DATA RECORDS: Begin

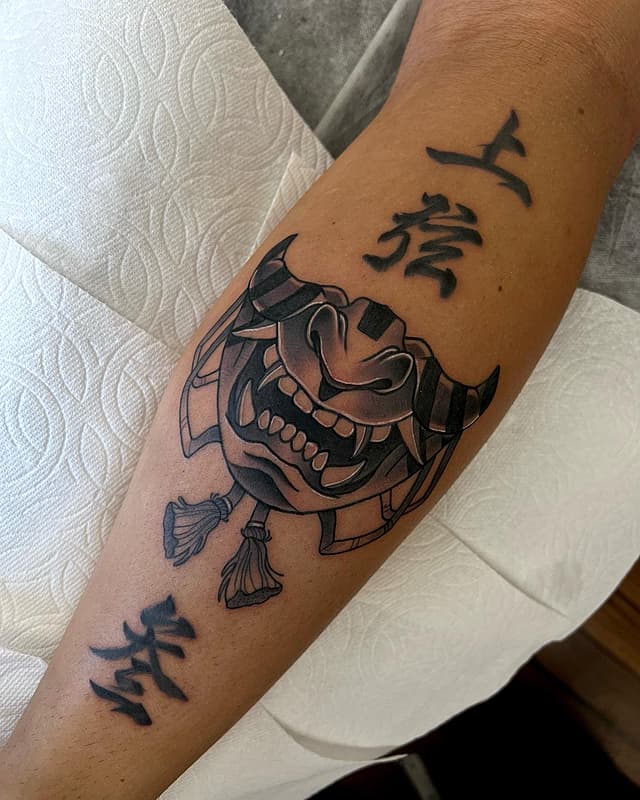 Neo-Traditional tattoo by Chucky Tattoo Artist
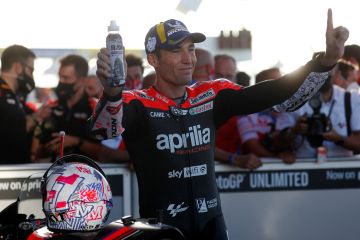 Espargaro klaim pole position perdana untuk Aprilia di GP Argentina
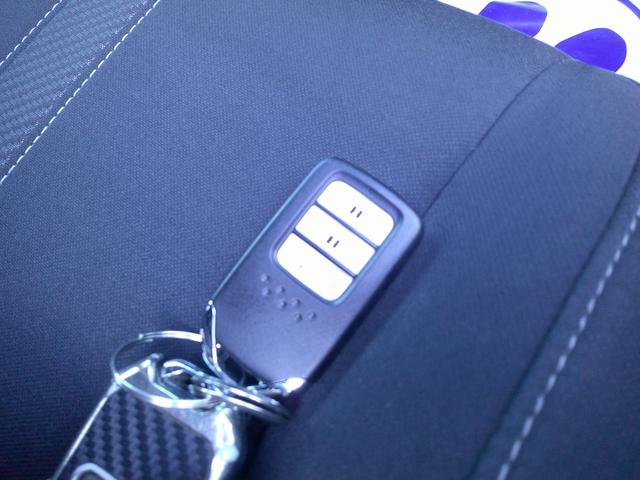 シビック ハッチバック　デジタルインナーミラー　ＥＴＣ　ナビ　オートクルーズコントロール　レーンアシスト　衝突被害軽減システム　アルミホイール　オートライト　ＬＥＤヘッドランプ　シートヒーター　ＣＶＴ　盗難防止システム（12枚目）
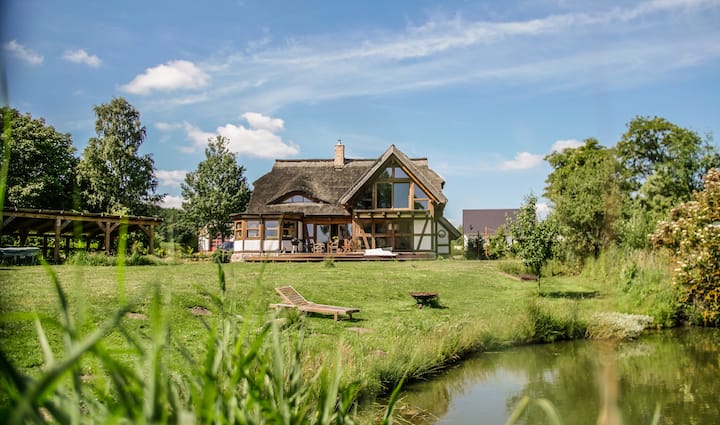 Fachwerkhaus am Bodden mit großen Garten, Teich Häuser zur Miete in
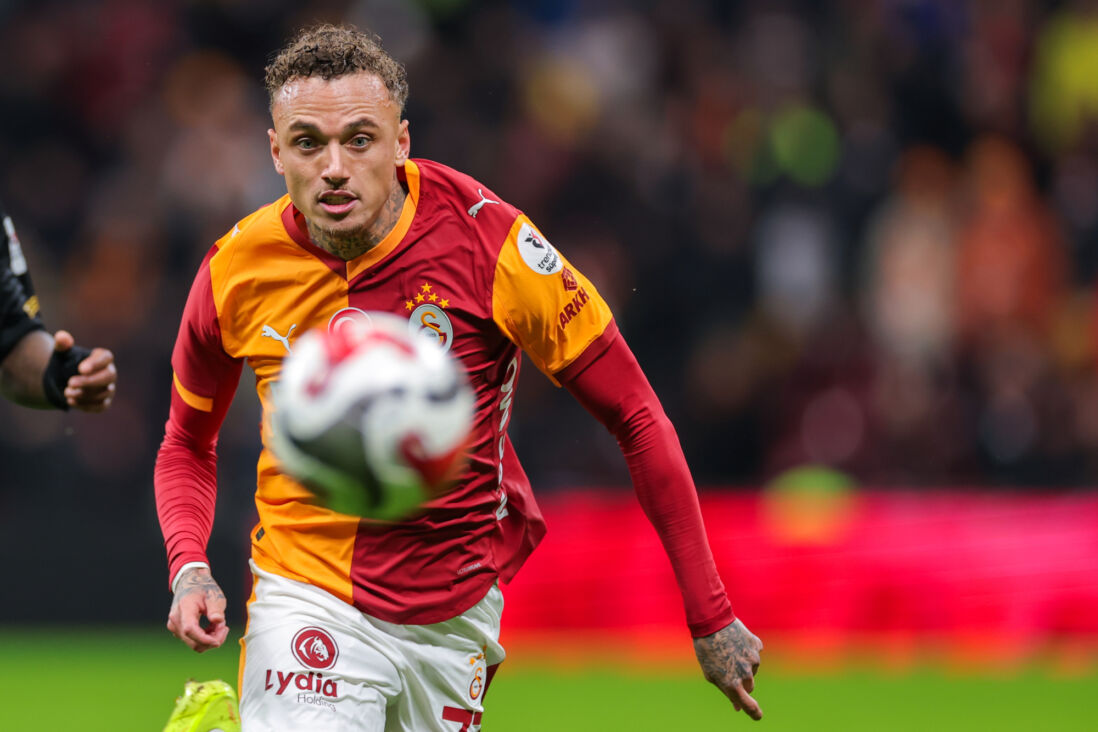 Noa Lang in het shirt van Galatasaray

DATA RECORDS: End
DATA RECORDS: Begin

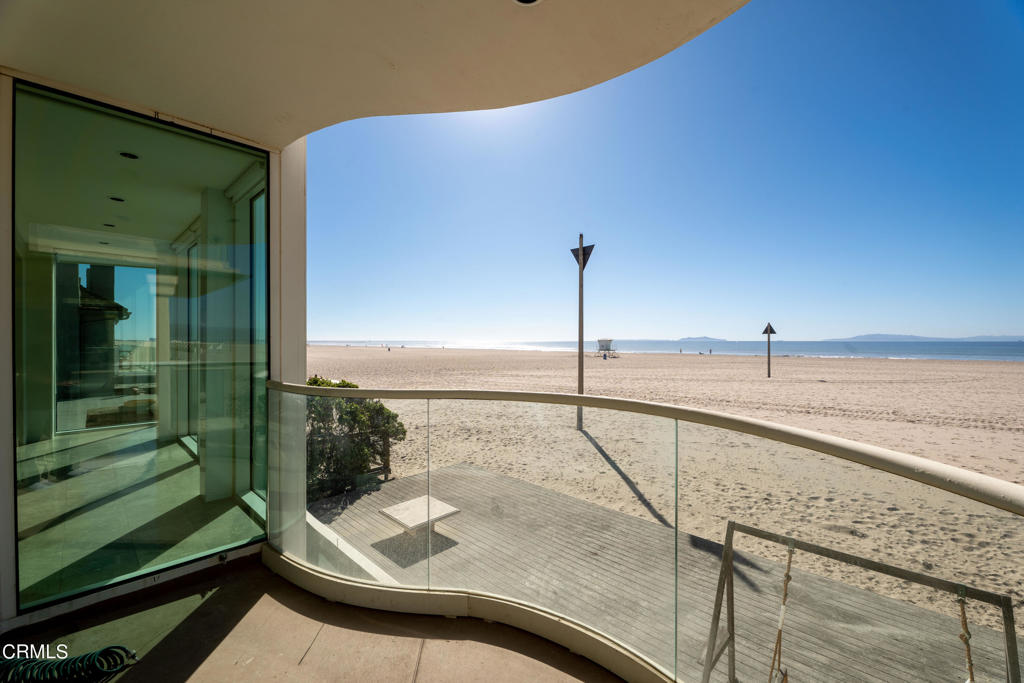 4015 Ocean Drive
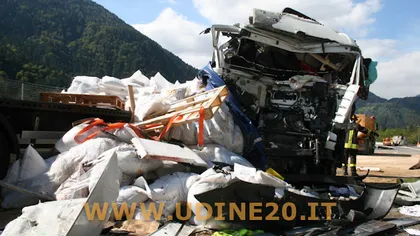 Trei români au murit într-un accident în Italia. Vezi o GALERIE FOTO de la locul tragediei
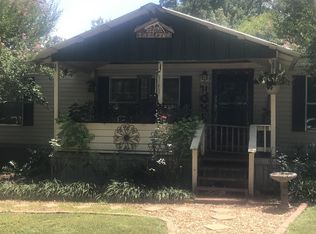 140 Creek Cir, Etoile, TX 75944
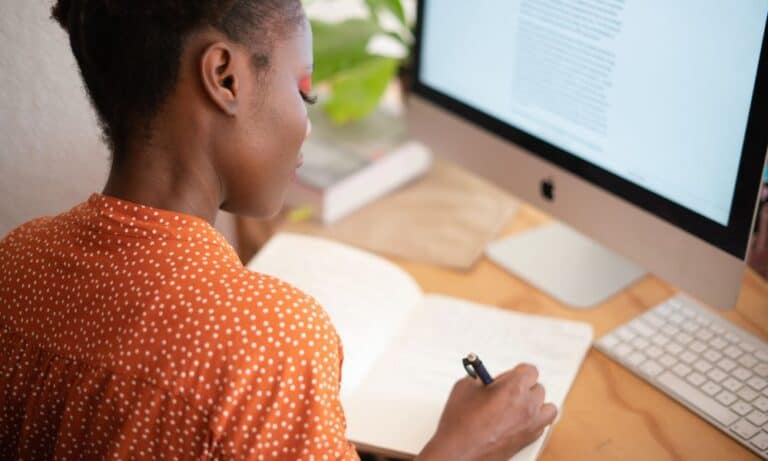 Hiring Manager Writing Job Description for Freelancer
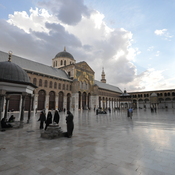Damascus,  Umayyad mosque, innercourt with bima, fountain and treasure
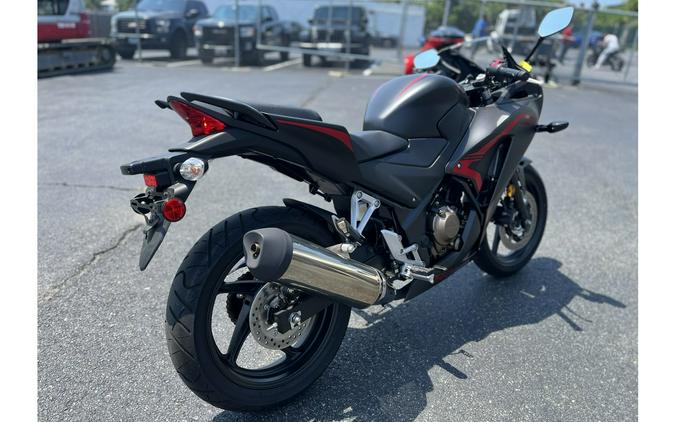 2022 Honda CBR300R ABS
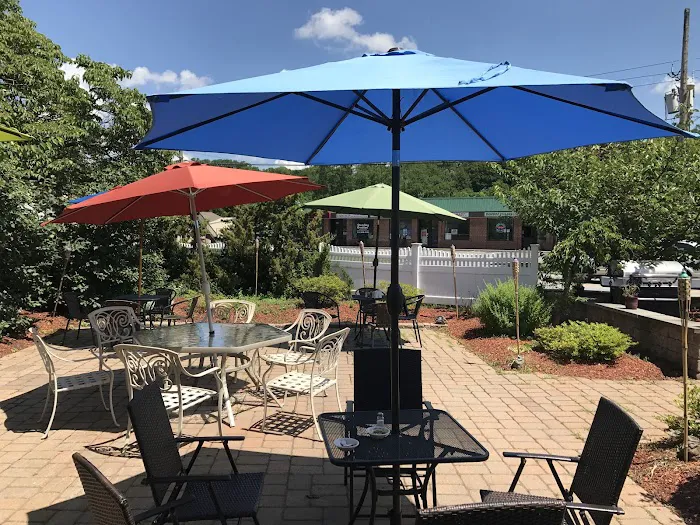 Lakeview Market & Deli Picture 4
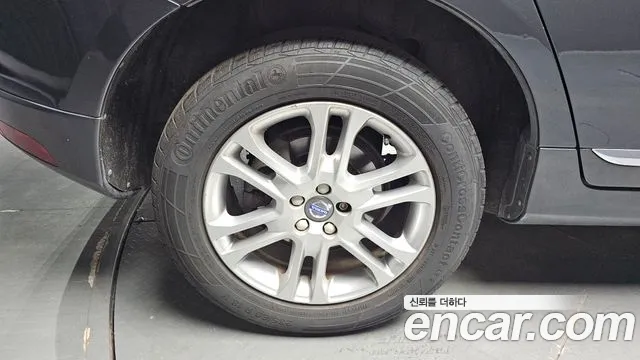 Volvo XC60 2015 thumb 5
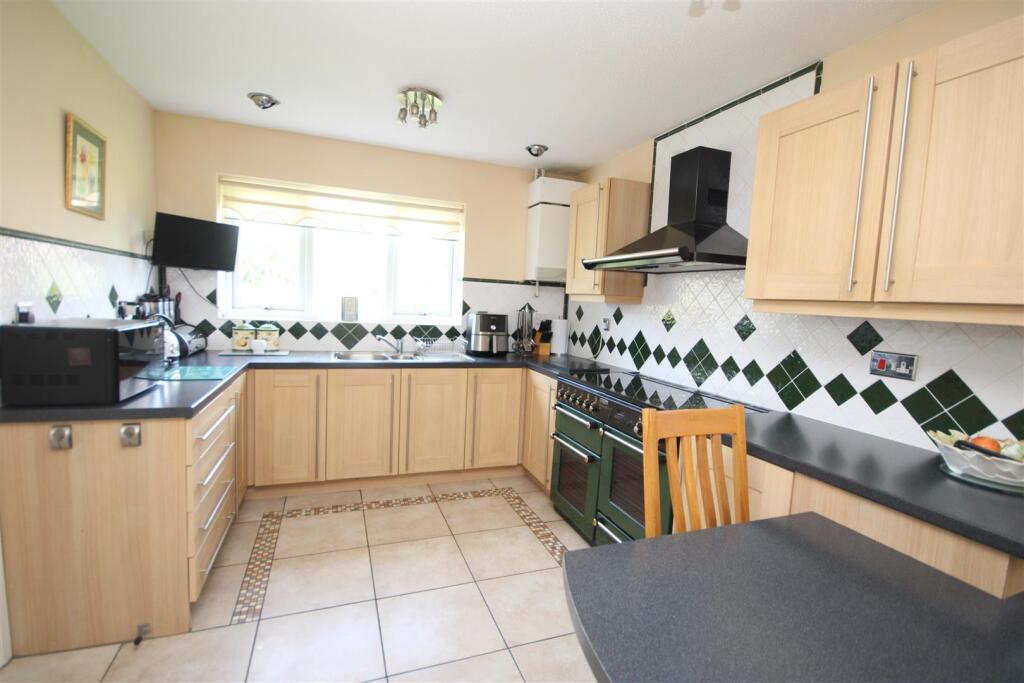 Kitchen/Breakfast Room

DATA RECORDS: End

**PROBLEM DESCRIPTION**
Treat the line with "fountain and treasure" as the start and the line with "Kitchen/Breakfast Room" as the end, and return exactly that span of the data above, both ends included, without pictures.

**RESULT**
Damascus,  Umayyad mosque, innercourt with bima, fountain and treasure
 2022 Honda CBR300R ABS
 Lakeview Market & Deli Picture 4
 Volvo XC60 2015 thumb 5
 Kitchen/Breakfast Room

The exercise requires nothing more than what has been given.